KENOSHA, Wis. (AP) ? David and Douglas Jensen were 8 and 3 years old respectively when their mother was poisoned and suffocated, leaving behind a note fingering her husband in her death.
Now nearly 10 years later, they are supporting their father, Mark Jensen, even writing a letter for his sentencing professing his innocence.
“We were, all of us, devastated at her loss, and the memory of him crying while holding his sons on his lap is one of my most vivid,” the pair wrote.
Judge Bruce Schroeder sentenced Mark Jensen, 48, to life in prison with no chance for parole, despite pleas from Jensen’s attorney Craig Albee to consider the sons’ wishes.
In an unusual show of emotion, Jensen’s chin quivered Wednesday as Albee read the letter from his sons. David Jensen sat in the gallery with Jensen’s wife, Kelly. Mark and Kelly Jensen were having an affair when Julie Jensen died. The two later married and had a son.
The brothers, who grew up with Kelly Jensen, said their father took care of them after the death of their “birth mother.” They described their father as supportive and loyal and said his greatest concern was his family’s well being, even during the seven-week trial. They asked the judge that their father “be eligible for parole as soon as possible.”
“We love you dad,” they wrote.
Mark Jensen trembled slightly as the sentence was read but did not cry. He had been found guilty last week of first-degree intentional homicide, a crime that carries a mandatory sentence of life in prison. Only the decision on whether he was eligible for parole was left to the judge.
The judge asked Jensen if he wished to comment before the sentence.
“No thank you, your honor,” he said.
Julie Jensen, 40, was found dead in her home on Dec. 3, 1998, after being sick for a few days. Prosecutors said she was poisoned with antifreeze and then suffocated.

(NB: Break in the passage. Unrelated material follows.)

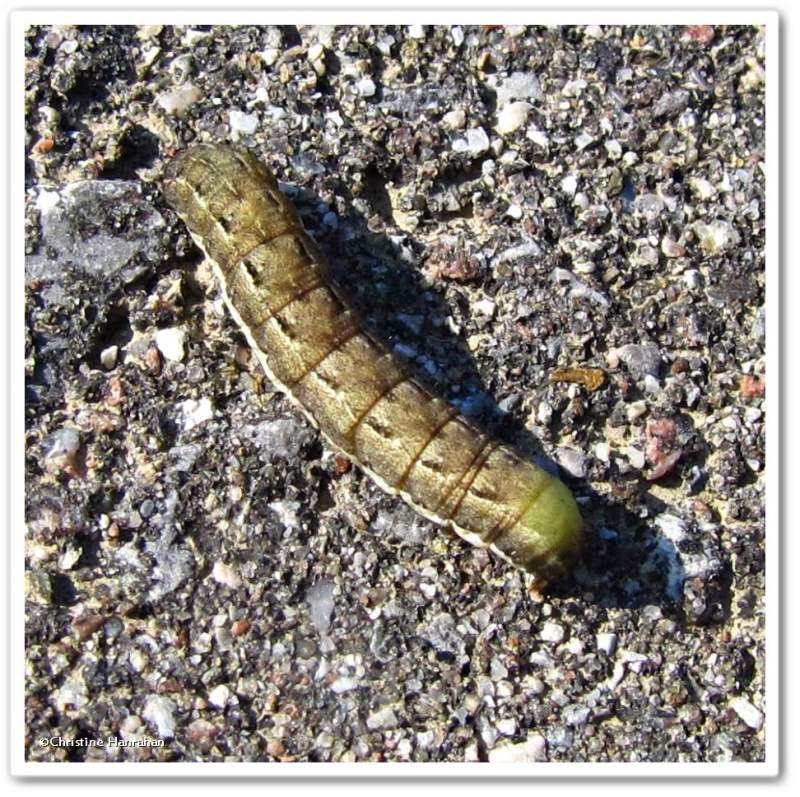 Caterpillar, possible Noctua pronuba, #11103.1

Mark Jensen claimed his wife was depressed and killed herself, framing him for her death.
Schroeder said if he didn’t impose the maximum punishment, he would be cheating the victims’ friends and family.
“Your crime is so enormous, so monstrous, so unspeakably cruel, that it overcomes all other considerations,” he said.
Prosecutor Robert Jambois said he hoped the sons looked at the trial transcript one day and came to their own conclusion. He called Jensen a “true sociopath” who tormented his wife with pornographic photos and continually humiliated her for a brief affair and then wanted to move his own girlfriend into his house before his wife’s wake.
“Mark Jensen treated his wife the way some demented people torture small animals or pick the wings off flies,” Jambois said. He asked the judge to not give him a chance at parole or set a parole date “so far in the future that it’s not possible that it could be within Mark Jensen’s lifetime.”
Albee asked the judge to let the parole board hear from the Jensen’s two sons decades down the road to see whether they’d changed their minds about him. The boys were victims too, and their wishes should be heard, he said.
“He’s been an excellent father to his children,” Albee said. “Even neighbors who were extremely biased against Mr. Jensen recognized he was a loving father from all of their observations.”
Julie Jensen’s four brothers also spoke. Paul Griffin urged the judge to show no mercy.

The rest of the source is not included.